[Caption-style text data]
━━━━━━━━━━

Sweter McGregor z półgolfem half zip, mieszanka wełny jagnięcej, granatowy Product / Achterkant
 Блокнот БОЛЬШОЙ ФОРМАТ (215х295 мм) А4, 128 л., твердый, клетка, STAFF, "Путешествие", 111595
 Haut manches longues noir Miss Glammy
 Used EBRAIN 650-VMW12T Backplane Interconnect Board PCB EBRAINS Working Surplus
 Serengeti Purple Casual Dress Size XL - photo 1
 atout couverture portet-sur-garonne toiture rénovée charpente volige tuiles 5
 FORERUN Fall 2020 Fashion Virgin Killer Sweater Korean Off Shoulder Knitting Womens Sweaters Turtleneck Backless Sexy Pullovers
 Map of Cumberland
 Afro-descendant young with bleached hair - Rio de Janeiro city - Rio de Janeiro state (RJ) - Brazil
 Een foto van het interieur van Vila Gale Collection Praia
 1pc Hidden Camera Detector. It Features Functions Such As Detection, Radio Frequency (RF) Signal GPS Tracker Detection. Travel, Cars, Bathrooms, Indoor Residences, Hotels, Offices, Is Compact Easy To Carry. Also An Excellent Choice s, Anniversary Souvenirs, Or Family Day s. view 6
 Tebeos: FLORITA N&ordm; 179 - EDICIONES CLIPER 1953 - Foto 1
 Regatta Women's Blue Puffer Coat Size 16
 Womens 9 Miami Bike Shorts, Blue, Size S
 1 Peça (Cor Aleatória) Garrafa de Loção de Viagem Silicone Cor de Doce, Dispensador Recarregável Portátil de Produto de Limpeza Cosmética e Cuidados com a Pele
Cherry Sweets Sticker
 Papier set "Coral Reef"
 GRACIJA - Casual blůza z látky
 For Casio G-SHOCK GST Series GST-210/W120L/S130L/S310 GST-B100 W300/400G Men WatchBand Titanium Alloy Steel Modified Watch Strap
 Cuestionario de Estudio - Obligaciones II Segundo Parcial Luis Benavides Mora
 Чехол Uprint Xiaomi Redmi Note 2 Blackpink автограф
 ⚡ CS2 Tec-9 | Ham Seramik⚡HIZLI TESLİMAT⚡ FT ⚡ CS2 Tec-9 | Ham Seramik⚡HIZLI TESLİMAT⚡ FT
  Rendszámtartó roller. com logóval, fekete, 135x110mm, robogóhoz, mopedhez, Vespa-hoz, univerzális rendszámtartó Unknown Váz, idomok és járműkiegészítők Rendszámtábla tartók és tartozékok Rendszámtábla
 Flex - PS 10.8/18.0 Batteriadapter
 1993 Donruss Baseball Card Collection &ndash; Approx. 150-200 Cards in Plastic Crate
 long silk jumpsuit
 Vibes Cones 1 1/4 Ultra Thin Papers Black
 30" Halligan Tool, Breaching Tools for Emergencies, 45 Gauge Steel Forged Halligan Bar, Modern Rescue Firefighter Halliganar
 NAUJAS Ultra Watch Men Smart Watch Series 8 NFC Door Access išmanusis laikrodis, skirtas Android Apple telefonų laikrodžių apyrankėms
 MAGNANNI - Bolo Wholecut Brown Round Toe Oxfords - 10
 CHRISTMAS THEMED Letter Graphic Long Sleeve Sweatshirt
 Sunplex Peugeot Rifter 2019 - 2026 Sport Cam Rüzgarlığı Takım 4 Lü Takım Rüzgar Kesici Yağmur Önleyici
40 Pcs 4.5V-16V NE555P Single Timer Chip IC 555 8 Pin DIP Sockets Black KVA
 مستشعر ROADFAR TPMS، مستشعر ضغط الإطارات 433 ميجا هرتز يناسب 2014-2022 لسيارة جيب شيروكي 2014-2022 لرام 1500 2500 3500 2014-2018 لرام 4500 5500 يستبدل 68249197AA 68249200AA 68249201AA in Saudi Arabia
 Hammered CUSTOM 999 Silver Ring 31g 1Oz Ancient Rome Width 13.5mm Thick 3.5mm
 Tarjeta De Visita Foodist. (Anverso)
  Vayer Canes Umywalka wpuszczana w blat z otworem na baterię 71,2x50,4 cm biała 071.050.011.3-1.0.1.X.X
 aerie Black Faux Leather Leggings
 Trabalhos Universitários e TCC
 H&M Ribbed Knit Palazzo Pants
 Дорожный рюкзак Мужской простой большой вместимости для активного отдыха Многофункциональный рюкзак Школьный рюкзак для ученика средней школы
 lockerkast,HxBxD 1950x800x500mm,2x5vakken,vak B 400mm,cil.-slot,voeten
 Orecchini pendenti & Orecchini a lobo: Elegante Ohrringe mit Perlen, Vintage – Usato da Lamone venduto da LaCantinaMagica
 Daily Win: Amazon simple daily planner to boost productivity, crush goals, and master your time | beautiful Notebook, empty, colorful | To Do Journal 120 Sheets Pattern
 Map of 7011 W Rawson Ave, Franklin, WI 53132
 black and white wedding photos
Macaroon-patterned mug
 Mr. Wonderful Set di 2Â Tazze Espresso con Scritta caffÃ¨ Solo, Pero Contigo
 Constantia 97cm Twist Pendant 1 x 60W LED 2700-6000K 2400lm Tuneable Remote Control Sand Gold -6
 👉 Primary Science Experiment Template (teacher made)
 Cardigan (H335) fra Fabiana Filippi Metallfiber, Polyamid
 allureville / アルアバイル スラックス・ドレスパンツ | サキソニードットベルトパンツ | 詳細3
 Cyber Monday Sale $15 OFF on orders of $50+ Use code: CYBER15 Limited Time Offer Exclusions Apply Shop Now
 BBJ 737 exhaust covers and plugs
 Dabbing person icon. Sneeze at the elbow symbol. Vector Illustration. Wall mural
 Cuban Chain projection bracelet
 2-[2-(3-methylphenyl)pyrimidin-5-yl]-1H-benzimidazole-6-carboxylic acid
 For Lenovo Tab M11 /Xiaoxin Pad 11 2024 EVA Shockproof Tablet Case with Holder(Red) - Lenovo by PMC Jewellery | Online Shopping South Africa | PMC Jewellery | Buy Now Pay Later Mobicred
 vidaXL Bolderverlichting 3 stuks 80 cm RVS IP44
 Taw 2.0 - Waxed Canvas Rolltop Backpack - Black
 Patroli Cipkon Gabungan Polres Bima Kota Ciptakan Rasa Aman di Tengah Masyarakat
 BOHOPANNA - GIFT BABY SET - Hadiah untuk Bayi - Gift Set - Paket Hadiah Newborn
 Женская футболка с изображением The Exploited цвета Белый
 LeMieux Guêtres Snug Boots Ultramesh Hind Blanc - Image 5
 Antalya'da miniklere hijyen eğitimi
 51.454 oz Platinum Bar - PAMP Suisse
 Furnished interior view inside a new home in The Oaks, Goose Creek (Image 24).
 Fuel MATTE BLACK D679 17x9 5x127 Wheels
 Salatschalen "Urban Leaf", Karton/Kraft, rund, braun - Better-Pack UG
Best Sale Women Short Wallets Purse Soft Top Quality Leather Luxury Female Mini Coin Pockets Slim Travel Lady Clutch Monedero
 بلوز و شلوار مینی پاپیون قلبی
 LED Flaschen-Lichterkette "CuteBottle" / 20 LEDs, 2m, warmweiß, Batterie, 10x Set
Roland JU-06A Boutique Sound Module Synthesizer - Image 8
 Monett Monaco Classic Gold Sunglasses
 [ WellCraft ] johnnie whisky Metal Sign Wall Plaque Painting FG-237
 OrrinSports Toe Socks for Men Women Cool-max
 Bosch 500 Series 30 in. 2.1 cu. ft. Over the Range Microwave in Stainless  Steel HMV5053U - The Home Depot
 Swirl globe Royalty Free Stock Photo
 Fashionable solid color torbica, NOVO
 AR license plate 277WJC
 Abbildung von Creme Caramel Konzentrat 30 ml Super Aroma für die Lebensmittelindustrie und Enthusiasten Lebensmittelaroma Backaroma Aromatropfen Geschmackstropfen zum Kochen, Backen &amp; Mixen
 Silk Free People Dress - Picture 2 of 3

━━━━━━━━━━

• **Aim of the task**
Repeat only what lies between the first line of the data and the line containing "Map of Cumberland", both of those lines included, exactly as it stands.

• **Answer space**
Sweter McGregor z półgolfem half zip, mieszanka wełny jagnięcej, granatowy Product / Achterkant
 Блокнот БОЛЬШОЙ ФОРМАТ (215х295 мм) А4, 128 л., твердый, клетка, STAFF, "Путешествие", 111595
 Haut manches longues noir Miss Glammy
 Used EBRAIN 650-VMW12T Backplane Interconnect Board PCB EBRAINS Working Surplus
 Serengeti Purple Casual Dress Size XL - photo 1
 atout couverture portet-sur-garonne toiture rénovée charpente volige tuiles 5
 FORERUN Fall 2020 Fashion Virgin Killer Sweater Korean Off Shoulder Knitting Womens Sweaters Turtleneck Backless Sexy Pullovers
 Map of Cumberland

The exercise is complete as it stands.